学問Q&A

好奇心の正体はなんでしょうか?

経営学部

実はマーケティングで誘導されている?!

身近な場面で考えてみましょう。誰もが一度は利用したことがあるコンビニでは、通常、幅90㎝程度の棚に同一カテゴリーに属するさまざまな商品が陳列されていますが、みなさんは、棚のどの位置に陳列されている商品がもっとも売れるか、考えたことがありますか。また、みなさんは実際に、棚のどの位置に陳列されている商品をもっとも購入していますか。
コンビニを訪れる消費者のうち、時間に余裕のある人は、目の前に並んでいる商品をZの形で、つまり、いわゆる“ゴールデン・ゾーン”(もっとも見やすく、もっとも手に取りやすい、床上70~140㎝ほどの高さ)の左端から見始め、床面に平行する形で右端まで見た後、左斜め下に視線を移動し、再度、左端から床面に並行する形で右端まで見ていきます(このことを「Zの法則」と言います)。

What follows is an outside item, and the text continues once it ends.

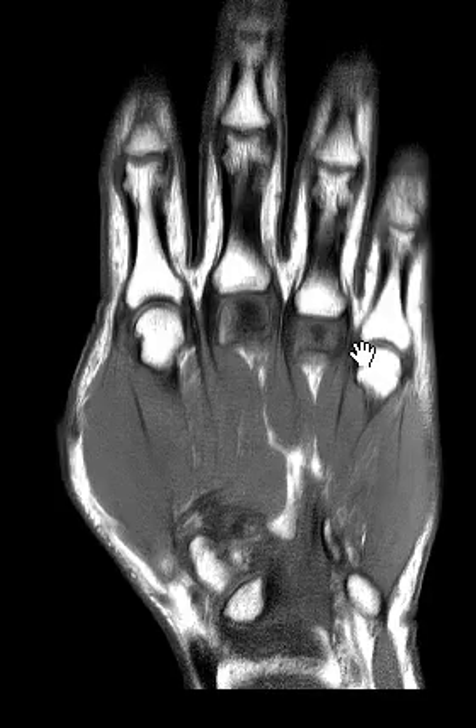Hello, this is Dr. Gay from First Take MRI, and this is a 35-year-old male with complaints of hand pain, most pronounced in the third digit and third digit swelling.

しかしながら、コンビニを訪れる消費者の大半は、買い物を5分以内で済ます傾向にあり、各売り場においてZの途中で商品を見るのを止めてしまいます。いずれにしろ、“ゴールデン・ゾーン”の左端に陳列されている商品が、もっとも売れることになります。コンビニは、こうしたZの形で視線を動かす消費者の特徴を考慮して、主力商品や売れ筋商品などを“ゴールデン・ゾーン”の左端に陳列しています。
このように、人々の特徴を利用し、好奇心を誘導するマーケティングが私たちの身の回りにはあふれているのです。

経営学部: 兼村 栄哲(マーケティング論)

おすすめ参考文献

ビジュアル図解 コンビニのしくみ
笠井 清志(著)同文舘出版(刊)

コンビニが作り上げた、経営やマーケティングなどにかかわる高度なシステムを100項目にわたってわかりやすく解説してあり、さまざまな業種や企業で働く人々にとって参考になる良書。

営業をマネジメントする
石井 淳蔵(著)岩波書店(刊)

人の努力と個性に依存する従来の属人営業から組織で対応するマネジメント志向の営業に移行し、一人ひとりが自分の得意な営業プロセスで力を発揮すれば、営業はもっと魅力的な仕事になることを示した良書。